Your task: Only the lines from the line with "One unexpected insight" through the end of the records belong in your reply, copied exactly, with every picture left out.

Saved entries
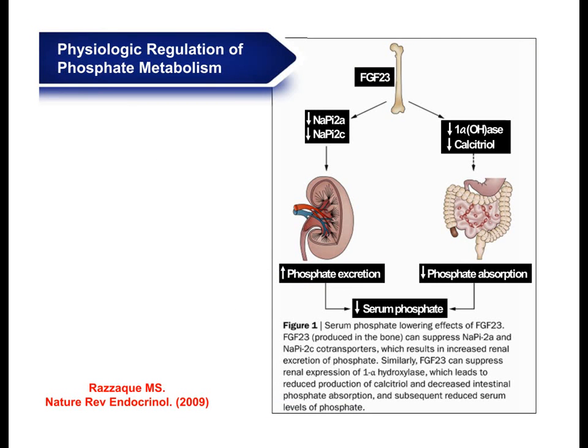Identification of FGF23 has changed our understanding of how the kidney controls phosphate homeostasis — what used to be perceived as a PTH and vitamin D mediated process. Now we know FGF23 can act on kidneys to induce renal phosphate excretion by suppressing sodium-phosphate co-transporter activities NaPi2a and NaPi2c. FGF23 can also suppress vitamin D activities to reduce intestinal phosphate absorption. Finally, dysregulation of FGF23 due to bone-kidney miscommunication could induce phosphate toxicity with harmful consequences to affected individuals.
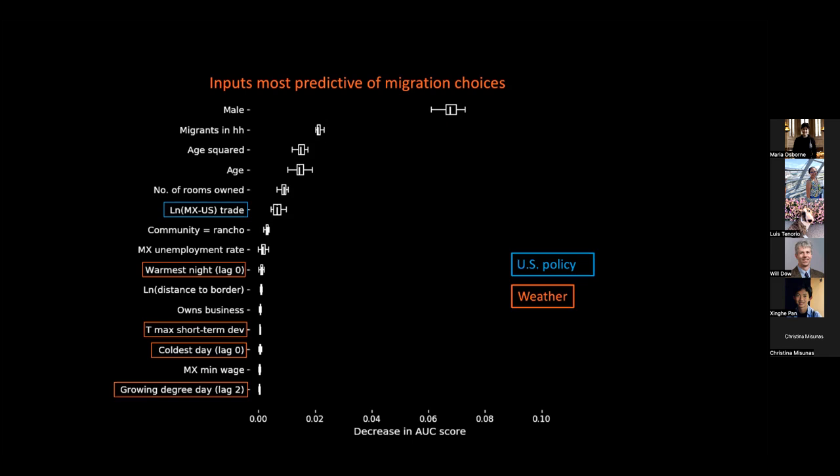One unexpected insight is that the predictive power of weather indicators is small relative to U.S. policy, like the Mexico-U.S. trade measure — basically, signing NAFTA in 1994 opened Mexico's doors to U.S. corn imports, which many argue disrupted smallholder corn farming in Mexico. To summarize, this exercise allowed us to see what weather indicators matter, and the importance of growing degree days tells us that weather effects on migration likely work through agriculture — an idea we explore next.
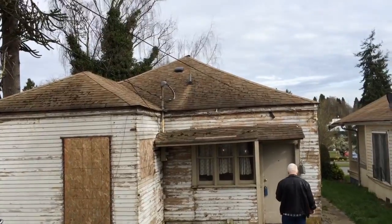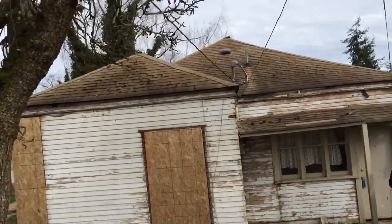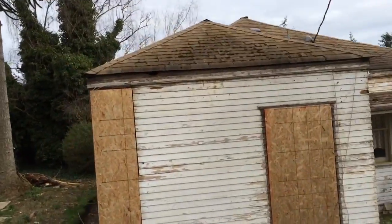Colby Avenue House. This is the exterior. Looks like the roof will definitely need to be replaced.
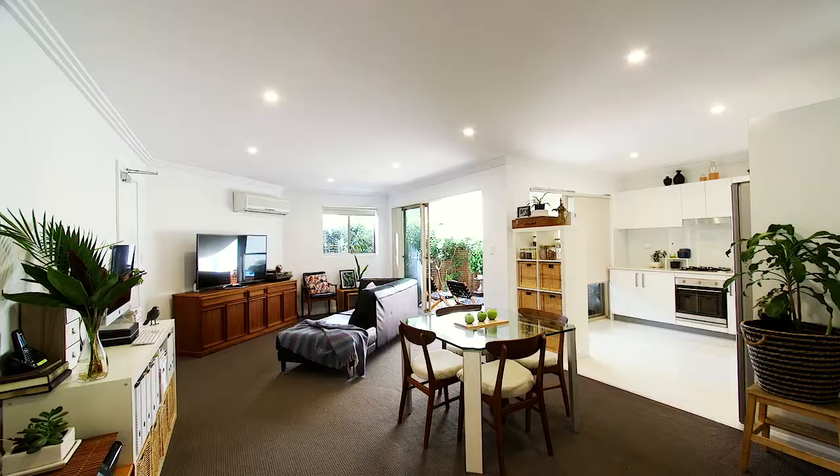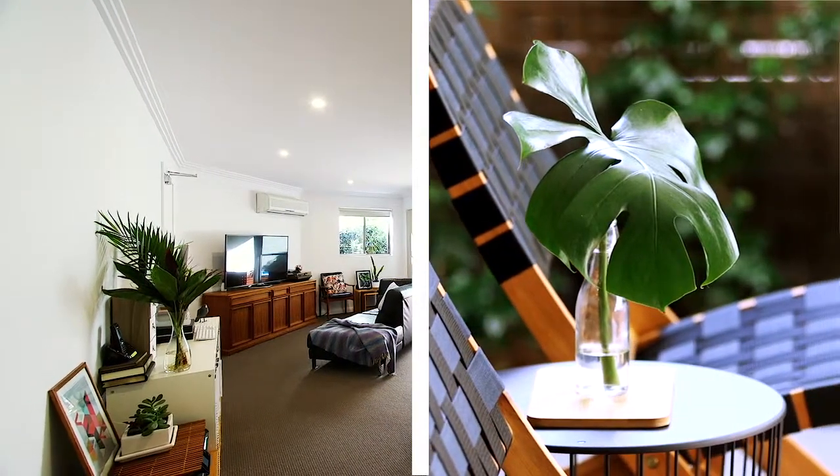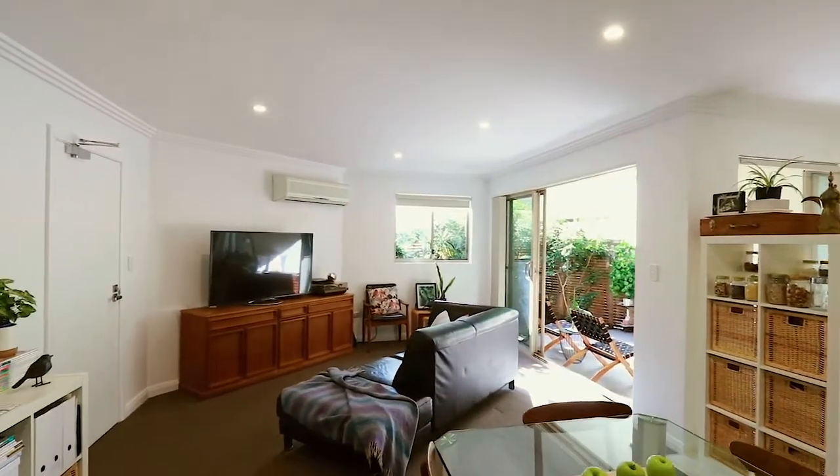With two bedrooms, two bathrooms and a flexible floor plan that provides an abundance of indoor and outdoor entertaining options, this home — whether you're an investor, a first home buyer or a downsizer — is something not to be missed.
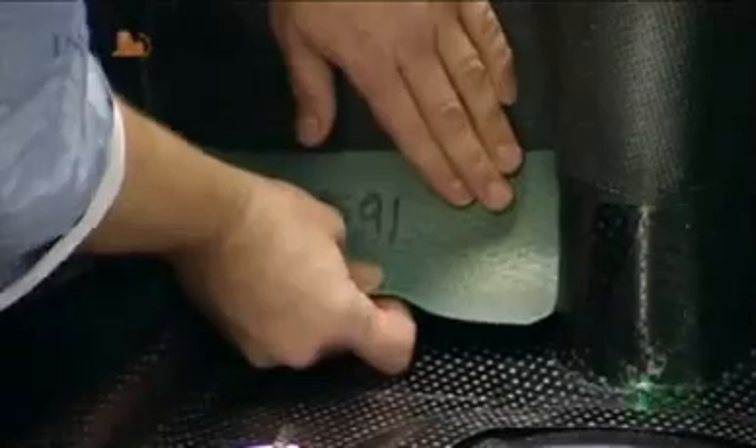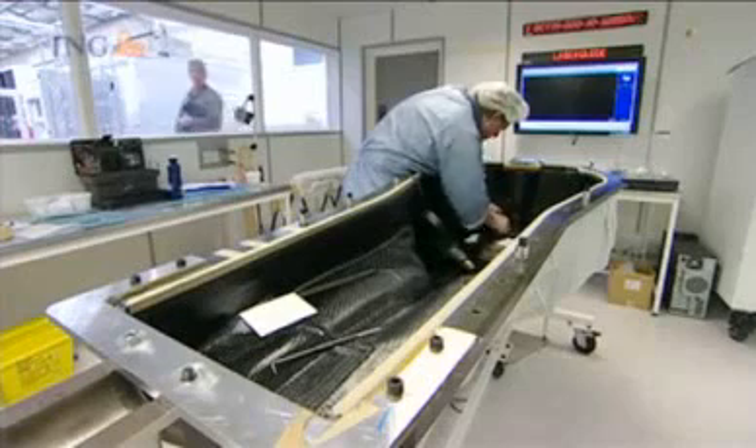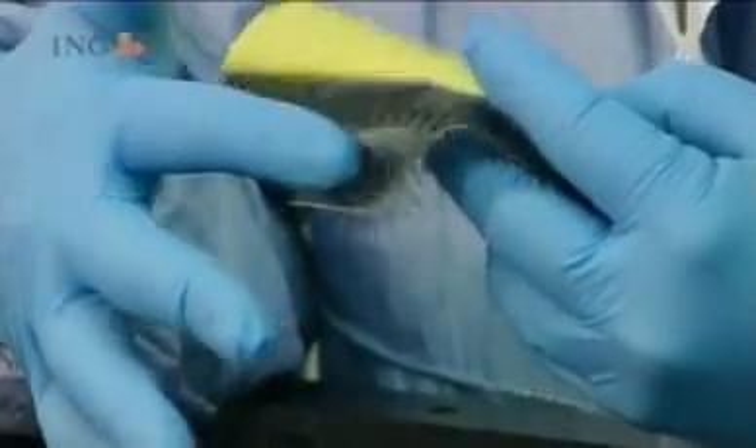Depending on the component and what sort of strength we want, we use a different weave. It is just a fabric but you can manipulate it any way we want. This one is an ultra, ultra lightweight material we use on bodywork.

Answer for the task:
One unexpected insight is that the predictive power of weather indicators is small relative to U.S. policy, like the Mexico-U.S. trade measure — basically, signing NAFTA in 1994 opened Mexico's doors to U.S. corn imports, which many argue disrupted smallholder corn farming in Mexico. To summarize, this exercise allowed us to see what weather indicators matter, and the importance of growing degree days tells us that weather effects on migration likely work through agriculture — an idea we explore next.
Colby Avenue House. This is the exterior. Looks like the roof will definitely need to be replaced.
With two bedrooms, two bathrooms and a flexible floor plan that provides an abundance of indoor and outdoor entertaining options, this home — whether you're an investor, a first home buyer or a downsizer — is something not to be missed.
Depending on the component and what sort of strength we want, we use a different weave. It is just a fabric but you can manipulate it any way we want. This one is an ultra, ultra lightweight material we use on bodywork.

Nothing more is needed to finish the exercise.